Direniş ve Diriliş Bölgelerimiz

DİRENİŞ VE DİRİLİŞ BÖLGELERİMİZ

Paylaş:

Kamboçya, Asya’nın Hindistan’la Çin arasında kalan ve bu yüzden “Hindiçini” olarak anılan bölgesinde yer alır. Küçük ve fakir bir ülkedir. Çok büyük bir bölümü okuma-yazma bilmeyen Kamboçya halkının ezici çoğunluğu, yüz yıllardır tarımla geçinmektedir. Kamboçya nüfusunun büyük bir çoğunluğu, bölgenin en eski etnik grubu olan Khmer’lerden oluşur. Çinliler ve Budistler de ülkenin önemli azınlık gruplarıdır. Bir diğer azınlık grubunu ise Müslümanlar oluşturur.

İslam dini, Kamboçya’ya deniz yolu ile gelen Müslüman tüccar ve yolcular vasıtası ile girmiştir. Kamboçya Müslümanlarının geneli Siyam ırkına mensuptur. Tarihte bir krallık kuran Siyam Müslümanları savaşlar ve istilalar sonucunda yıkılmış, sadece tarihten kalma 75 adet mescit 1975 yılına kadar ayakta kalmıştır.

Çin’in desteğiyle iktidara gelmiş ve Maoculuğu yöntem olarak benimsemiş bir ülke olan Kamboçya’daki Kızıl Khmer iktidarı acımasız rejimlerden biridir. Kamboçya Müslümanlarının İslam kimlikleriyle ilgili bağları, bu komünist rejim sırasında tamamen ortadan kaldırılmak istenmiştir.

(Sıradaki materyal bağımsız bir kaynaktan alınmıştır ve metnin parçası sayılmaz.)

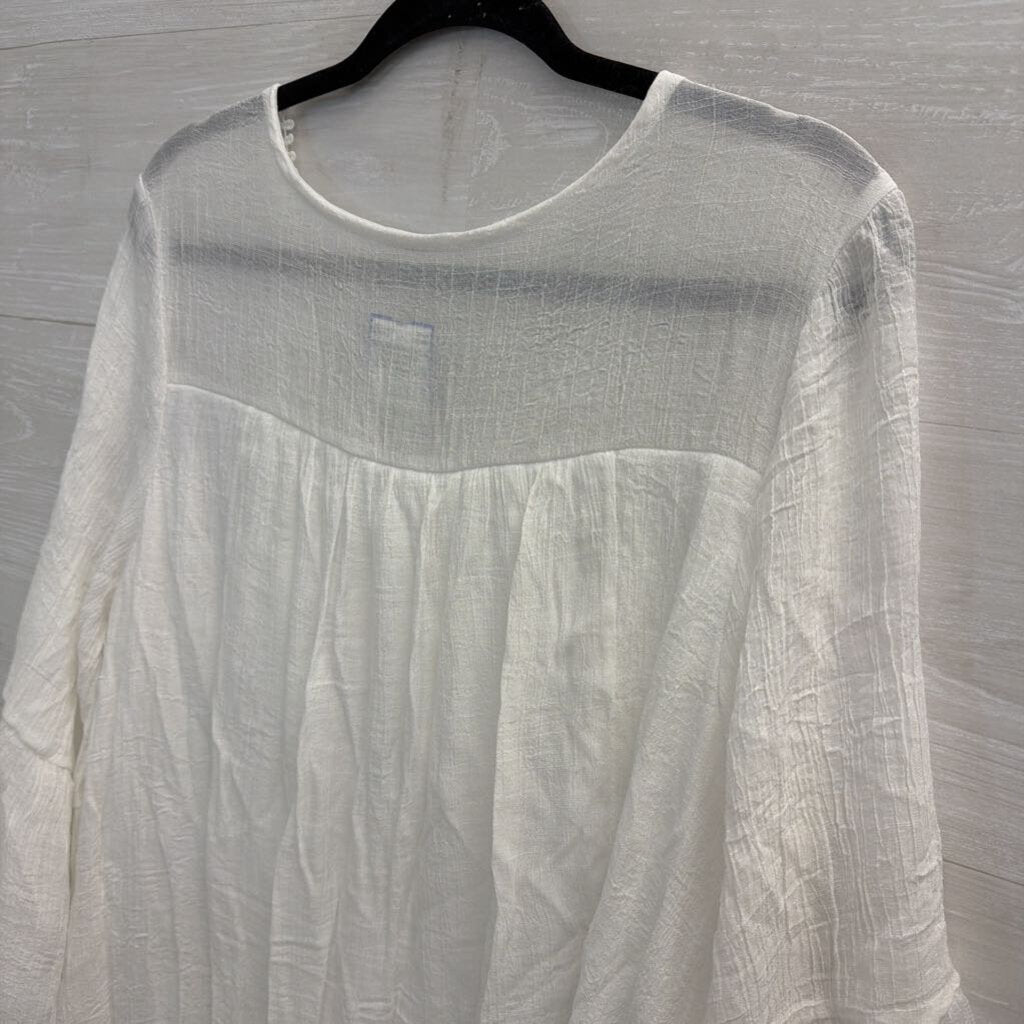 White Crochet Lace Detail Long Sleeve Dress Large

Uzun yıllar Kamboçya ormanlarında örgütlenen ve iktidar hayalleri kuran Kızıl Khmerler, 1975’te bu rüyalarına kavuşmulardır. İktidara geldikten sonra da tarihte hiç görülmemiş boyutlarda totaliter ve zalim bir rejim kurmuşlardır. Kızıl Khmer rejimi, ülke için yapılması gereken tek komünist görevin, pirinç tarlalarında ölesiye çalışmak olduğuna karar vermiş ve tüm Kamboçya nüfusunu tarlalarda çalıştırmaya başlamıştır. Şehirlerde yaşayan on binlerce insan -devlet adamları, bürokratlar, öğretmenler, aydınlar- köylere sürülmüş ve oluşturulan kollektif çiftliklerde çok ağır şartlarda çalıştırılmaya başlanmıştır.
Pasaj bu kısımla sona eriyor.